§ DESCRIPTION OF THE TASK
Down to the last line, print the entries below exactly, and keep every picture out of the copy.

§ DATA EXTRACTS
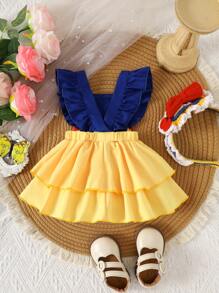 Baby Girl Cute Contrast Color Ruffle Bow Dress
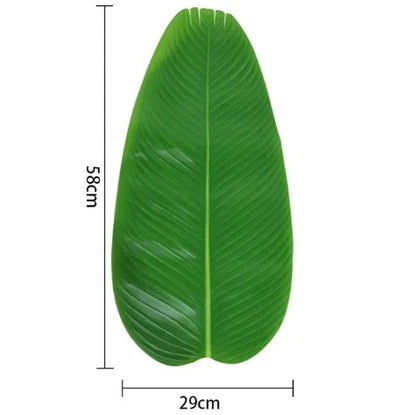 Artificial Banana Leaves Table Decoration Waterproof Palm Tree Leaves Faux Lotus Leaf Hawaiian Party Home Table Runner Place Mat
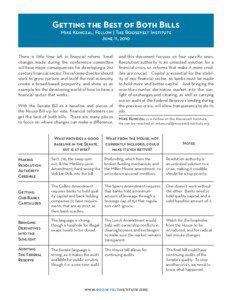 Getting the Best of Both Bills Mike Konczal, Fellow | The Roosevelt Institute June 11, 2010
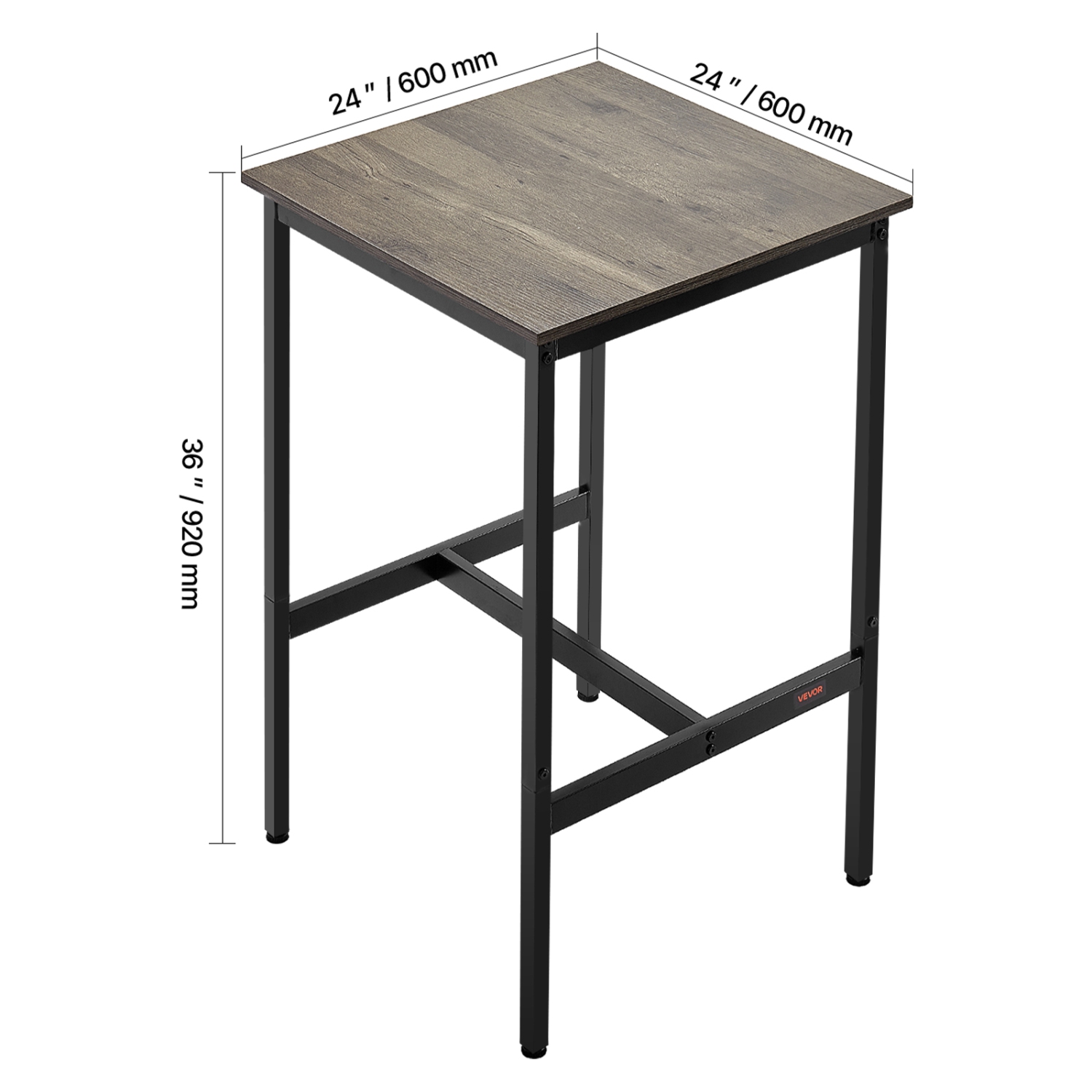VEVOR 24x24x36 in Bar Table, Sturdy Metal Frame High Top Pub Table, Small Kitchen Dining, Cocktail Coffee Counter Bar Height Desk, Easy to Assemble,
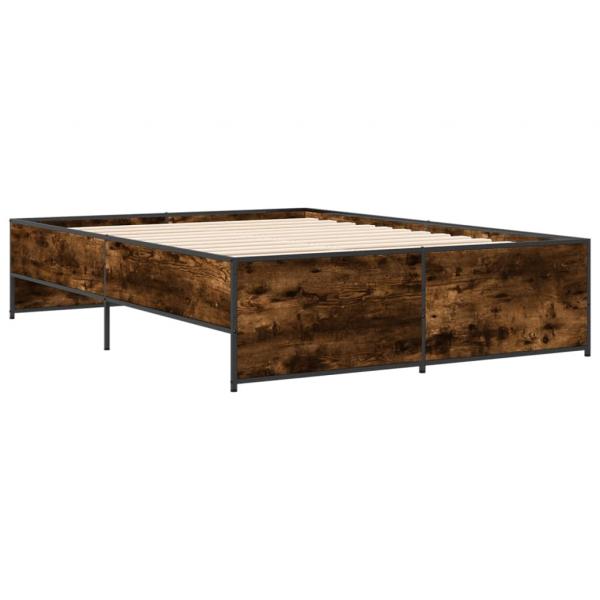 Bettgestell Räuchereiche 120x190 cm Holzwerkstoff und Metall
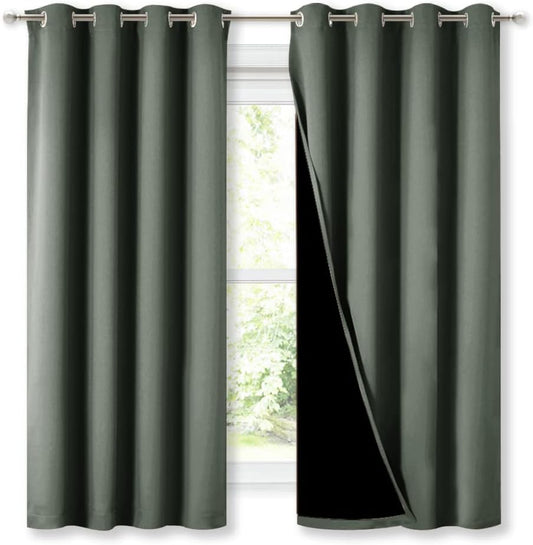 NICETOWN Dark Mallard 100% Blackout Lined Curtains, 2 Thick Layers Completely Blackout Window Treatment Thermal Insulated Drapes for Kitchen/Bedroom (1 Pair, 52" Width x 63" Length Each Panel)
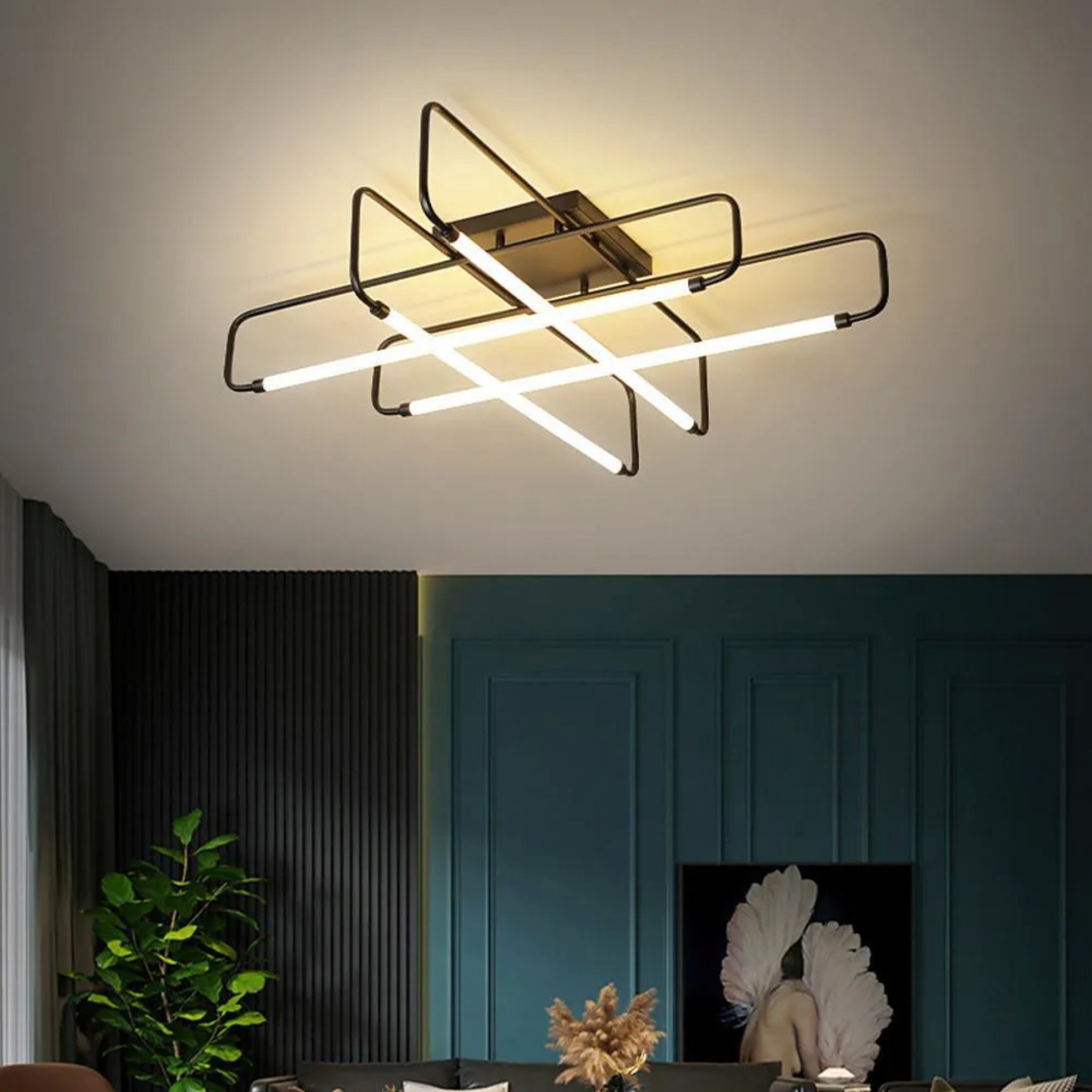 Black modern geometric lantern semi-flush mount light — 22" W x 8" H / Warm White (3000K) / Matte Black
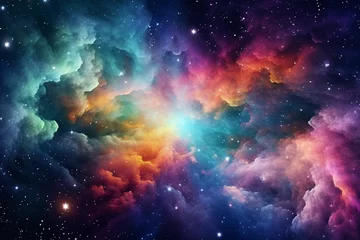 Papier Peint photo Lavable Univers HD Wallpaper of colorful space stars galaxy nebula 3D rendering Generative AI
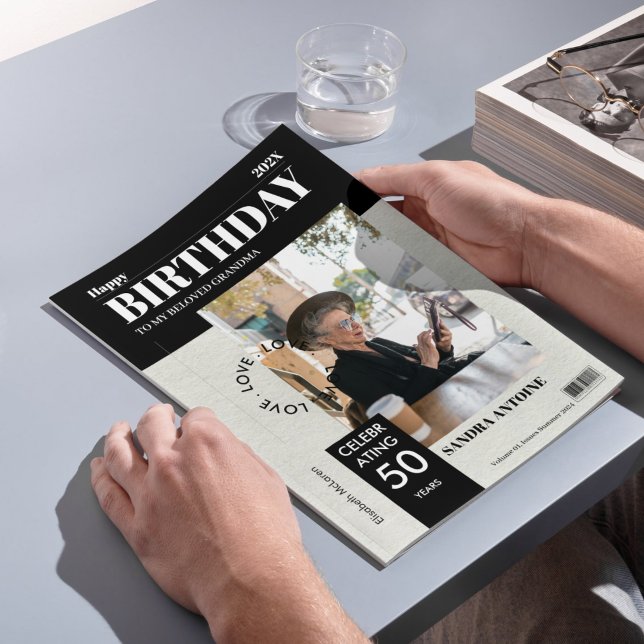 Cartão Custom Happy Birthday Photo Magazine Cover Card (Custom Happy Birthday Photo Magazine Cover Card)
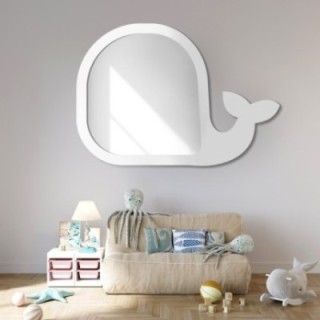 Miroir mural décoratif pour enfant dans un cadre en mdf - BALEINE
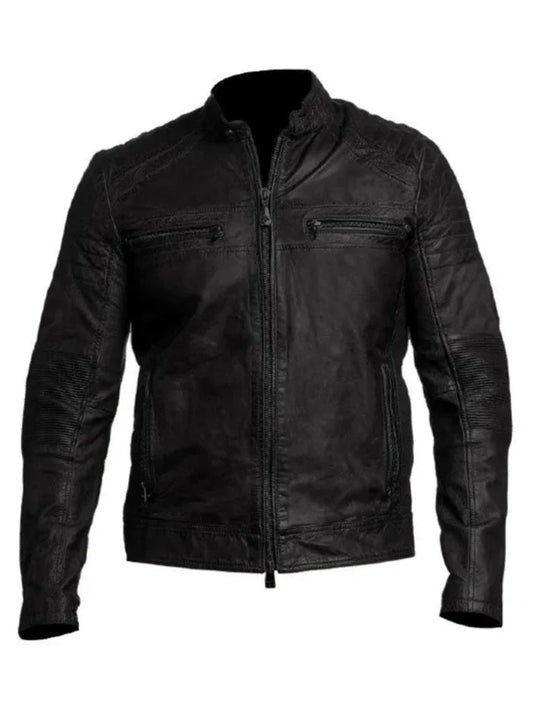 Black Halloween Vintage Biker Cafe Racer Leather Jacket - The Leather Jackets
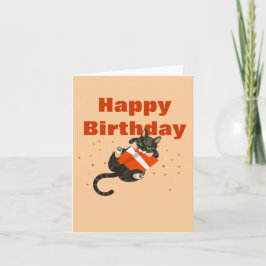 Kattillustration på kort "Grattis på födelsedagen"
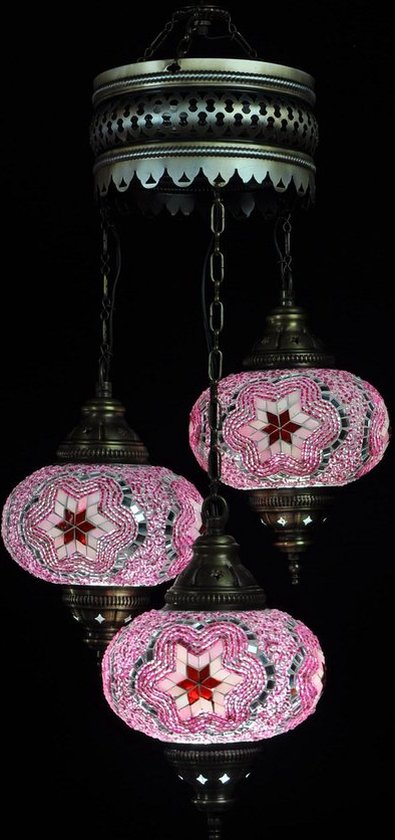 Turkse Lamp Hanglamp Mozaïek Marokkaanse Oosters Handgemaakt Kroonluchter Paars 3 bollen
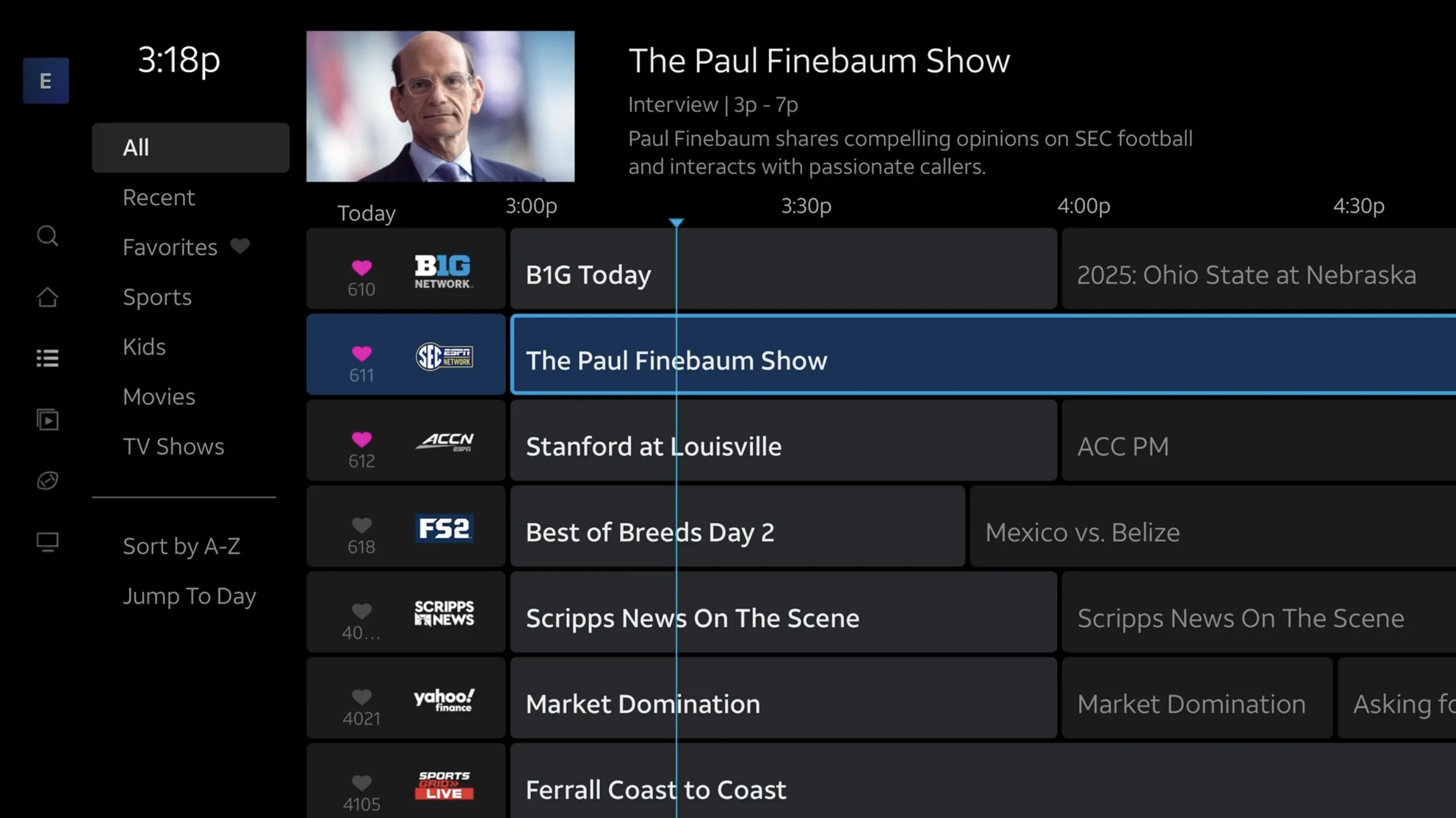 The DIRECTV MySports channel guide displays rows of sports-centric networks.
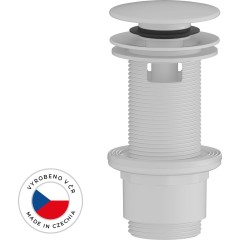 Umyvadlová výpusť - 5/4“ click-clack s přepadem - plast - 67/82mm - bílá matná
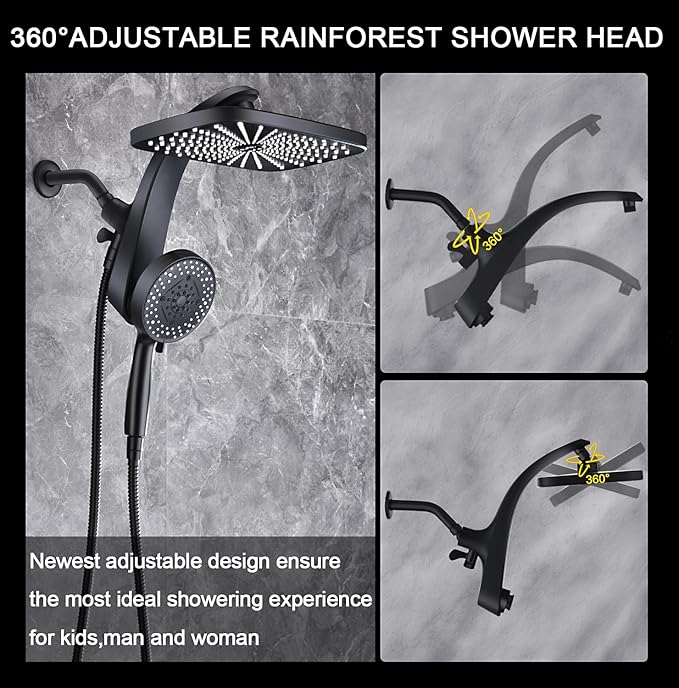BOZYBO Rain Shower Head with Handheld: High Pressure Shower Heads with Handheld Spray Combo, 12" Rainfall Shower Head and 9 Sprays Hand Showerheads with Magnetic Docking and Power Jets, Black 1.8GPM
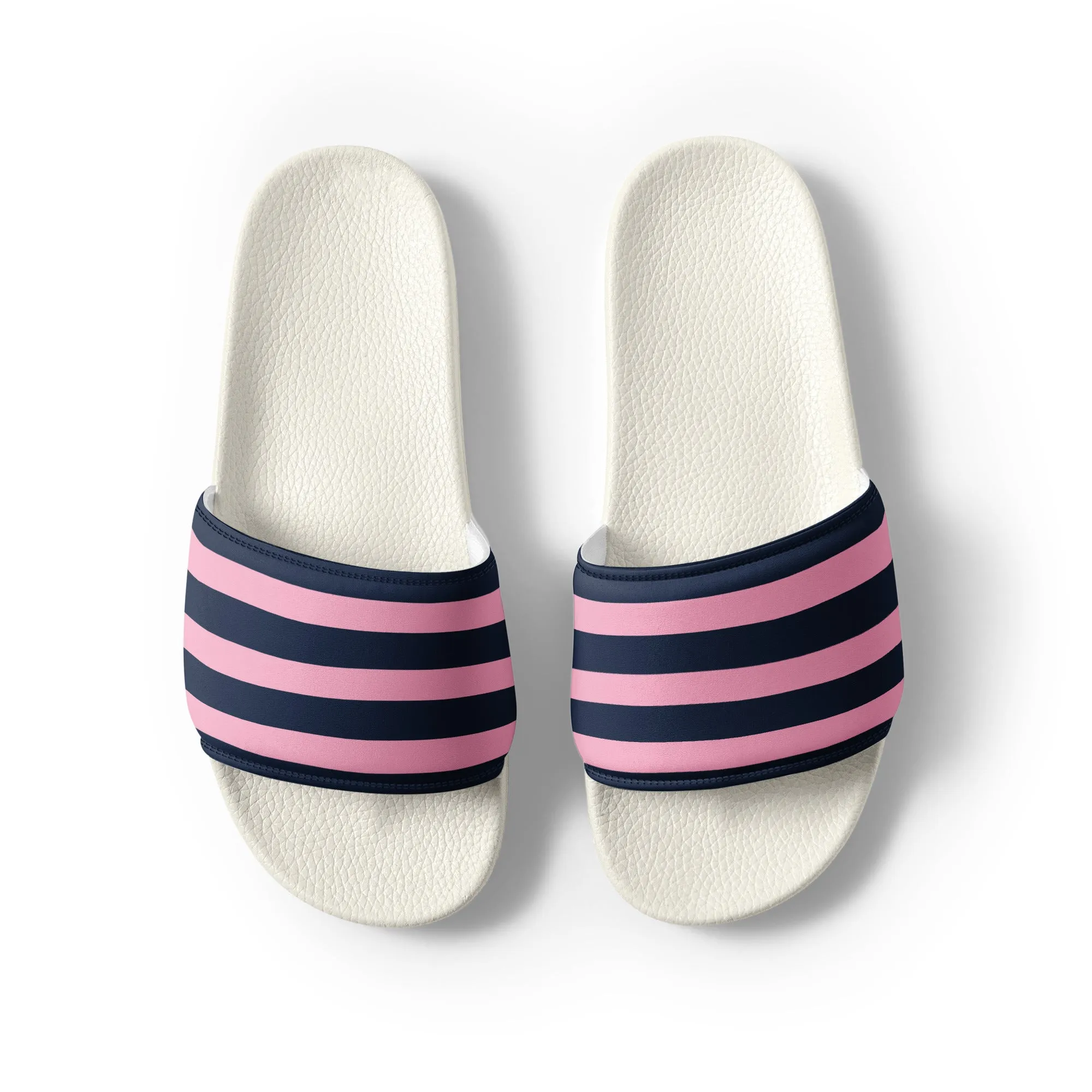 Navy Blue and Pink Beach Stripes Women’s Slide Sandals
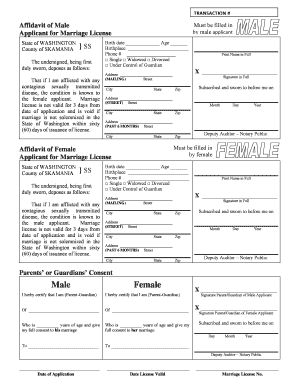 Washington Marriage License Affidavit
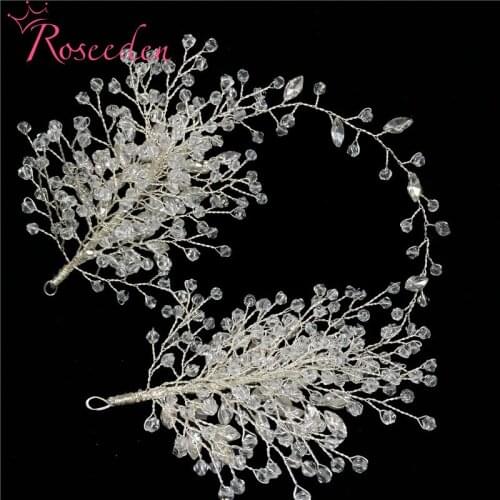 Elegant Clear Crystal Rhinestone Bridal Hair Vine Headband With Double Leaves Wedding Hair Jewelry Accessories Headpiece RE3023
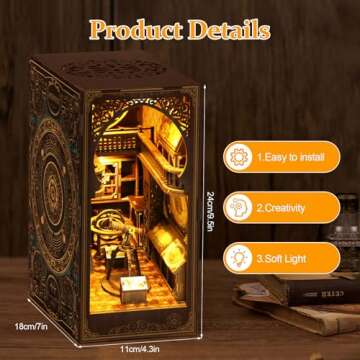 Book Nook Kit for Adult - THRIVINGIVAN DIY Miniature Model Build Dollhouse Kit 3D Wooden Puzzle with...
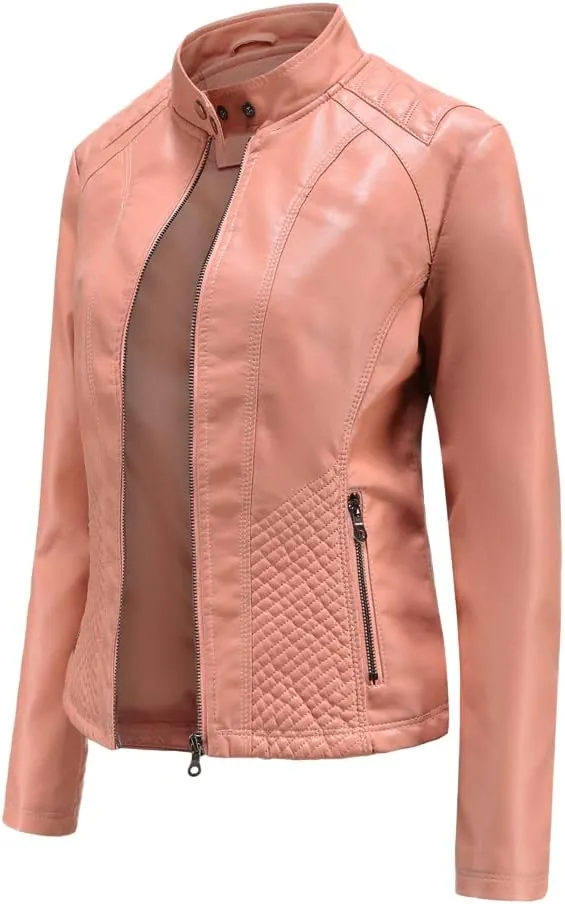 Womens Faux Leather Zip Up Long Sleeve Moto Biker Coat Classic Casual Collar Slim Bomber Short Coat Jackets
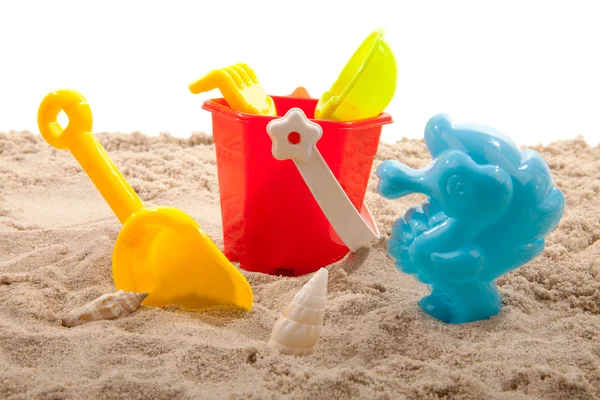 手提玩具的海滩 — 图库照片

§ FINAL ANSWER
 Baby Girl Cute Contrast Color Ruffle Bow Dress
 Artificial Banana Leaves Table Decoration Waterproof Palm Tree Leaves Faux Lotus Leaf Hawaiian Party Home Table Runner Place Mat
 Getting the Best of Both Bills Mike Konczal, Fellow | The Roosevelt Institute June 11, 2010
VEVOR 24x24x36 in Bar Table, Sturdy Metal Frame High Top Pub Table, Small Kitchen Dining, Cocktail Coffee Counter Bar Height Desk, Easy to Assemble,
 Bettgestell Räuchereiche 120x190 cm Holzwerkstoff und Metall
 NICETOWN Dark Mallard 100% Blackout Lined Curtains, 2 Thick Layers Completely Blackout Window Treatment Thermal Insulated Drapes for Kitchen/Bedroom (1 Pair, 52" Width x 63" Length Each Panel)
 Black modern geometric lantern semi-flush mount light — 22" W x 8" H / Warm White (3000K) / Matte Black
 Papier Peint photo Lavable Univers HD Wallpaper of colorful space stars galaxy nebula 3D rendering Generative AI
 Cartão Custom Happy Birthday Photo Magazine Cover Card (Custom Happy Birthday Photo Magazine Cover Card)
 Miroir mural décoratif pour enfant dans un cadre en mdf - BALEINE
 Black Halloween Vintage Biker Cafe Racer Leather Jacket - The Leather Jackets
 Kattillustration på kort "Grattis på födelsedagen"
 Turkse Lamp Hanglamp Mozaïek Marokkaanse Oosters Handgemaakt Kroonluchter Paars 3 bollen
 The DIRECTV MySports channel guide displays rows of sports-centric networks.
 Umyvadlová výpusť - 5/4“ click-clack s přepadem - plast - 67/82mm - bílá matná
BOZYBO Rain Shower Head with Handheld: High Pressure Shower Heads with Handheld Spray Combo, 12" Rainfall Shower Head and 9 Sprays Hand Showerheads with Magnetic Docking and Power Jets, Black 1.8GPM
 Navy Blue and Pink Beach Stripes Women’s Slide Sandals
 Washington Marriage License Affidavit
 Elegant Clear Crystal Rhinestone Bridal Hair Vine Headband With Double Leaves Wedding Hair Jewelry Accessories Headpiece RE3023
 Book Nook Kit for Adult - THRIVINGIVAN DIY Miniature Model Build Dollhouse Kit 3D Wooden Puzzle with...
 Womens Faux Leather Zip Up Long Sleeve Moto Biker Coat Classic Casual Collar Slim Bomber Short Coat Jackets
 手提玩具的海滩 — 图库照片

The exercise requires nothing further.